By the time Peter Kovacs became a working journalist, the tradition of publishing pages and pages of art showing Carnival floats had pretty much disappeared.
But Kovacs, editor of New Orleans’ The Advocate, remembered seeing pages from 100 years ago framed and displayed in businesses around town.
So in 2014, after one krewe suggested bringing the tradition back, The Advocate published seven bulletins showing renderings of seven parades.
“We were looking for ways to revive Mardi Gras traditions in print,” said Kovacs, who worked at the Times-Picayune for 29 years. “Our whole business model is about how print is not dead.”

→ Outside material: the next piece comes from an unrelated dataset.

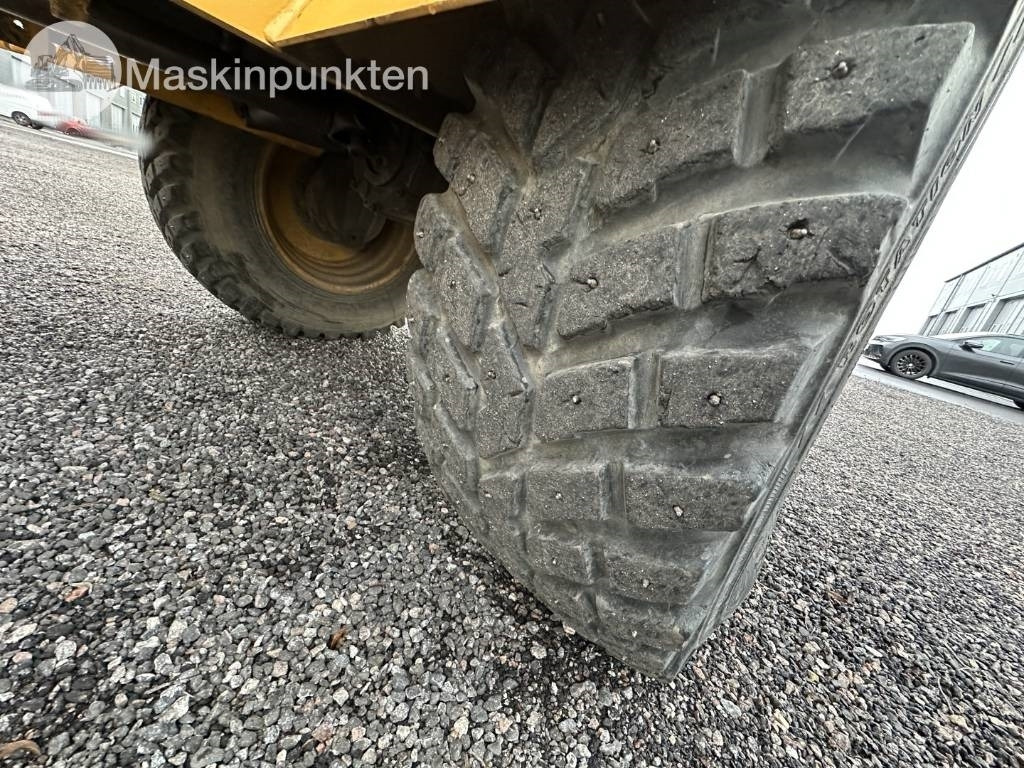 Wheel loader Volvo L 35 GT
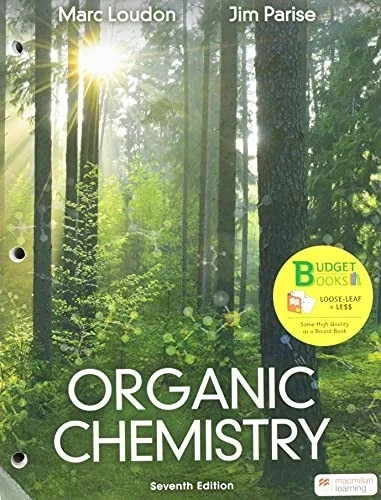 Loose leaf version for - for, organic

The renderings come from the companies that create the floats, which create them before construction begins each year. The krewes don’t pay to be included in the bulletins, but advertisers do pay for the real estate on the back.
This year, starting about two weeks ago with the first of the parades, The Advocate has 16 bulletins depicting 16 krewes and their parades.
“For most people, it’s kind of a new thing,” Kovacs said, but if you live in New Orleans, you’ve probably seen some of those old ones framed on the walls of local businesses.
“So when people see it, they say ‘Oh I’ve seen that on the wall somewhere,’ ” he said.
And they might be seeing newer versions, too. The bulletins have become collectibles, Kovacs said. The Advocate plans to continue the tradition next year.